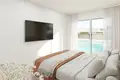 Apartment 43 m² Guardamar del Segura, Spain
--
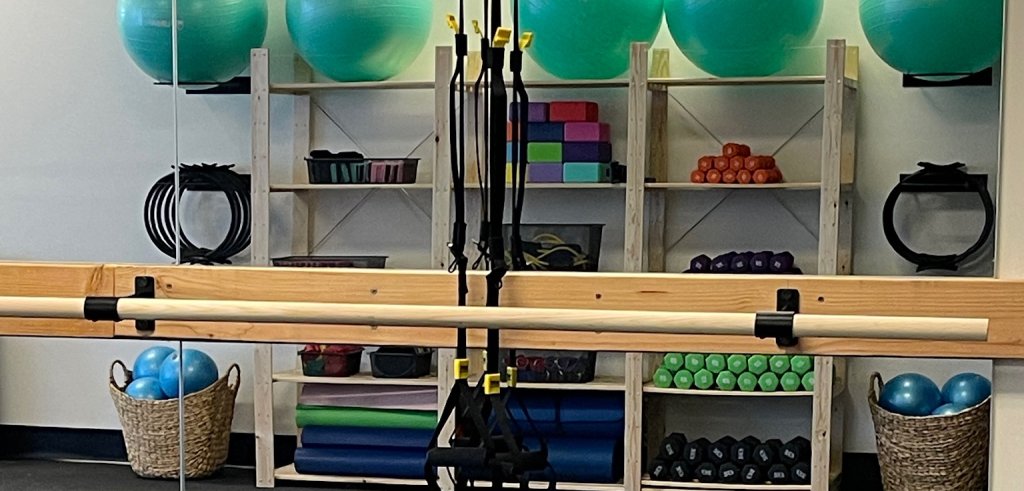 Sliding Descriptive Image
* * *
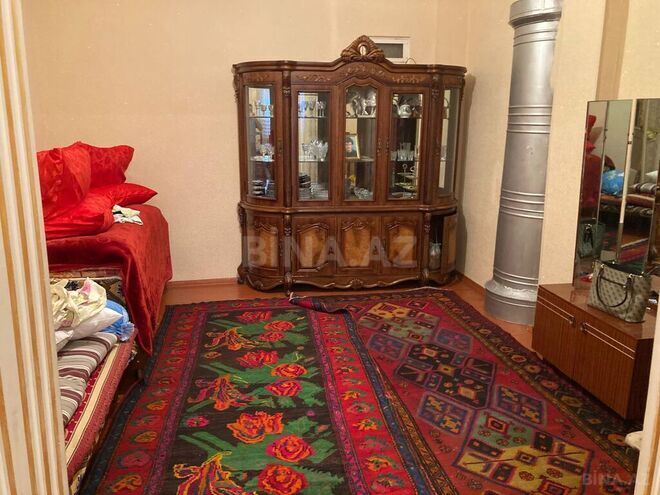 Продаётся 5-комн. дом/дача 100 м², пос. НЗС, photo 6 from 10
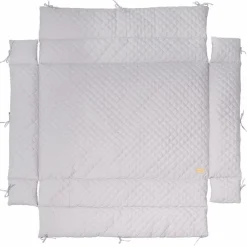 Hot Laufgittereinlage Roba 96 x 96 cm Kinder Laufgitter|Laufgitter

**Action item:** Return only the part above that opens with the line containing "Продаётся 5-комн. дом/дача" and closes with the line containing "Hot Laufgittereinlage Roba", exactly and with both ends, skipping the pictures.

**Result:**
 Продаётся 5-комн. дом/дача 100 м², пос. НЗС, photo 6 from 10
 Hot Laufgittereinlage Roba 96 x 96 cm Kinder Laufgitter|Laufgitter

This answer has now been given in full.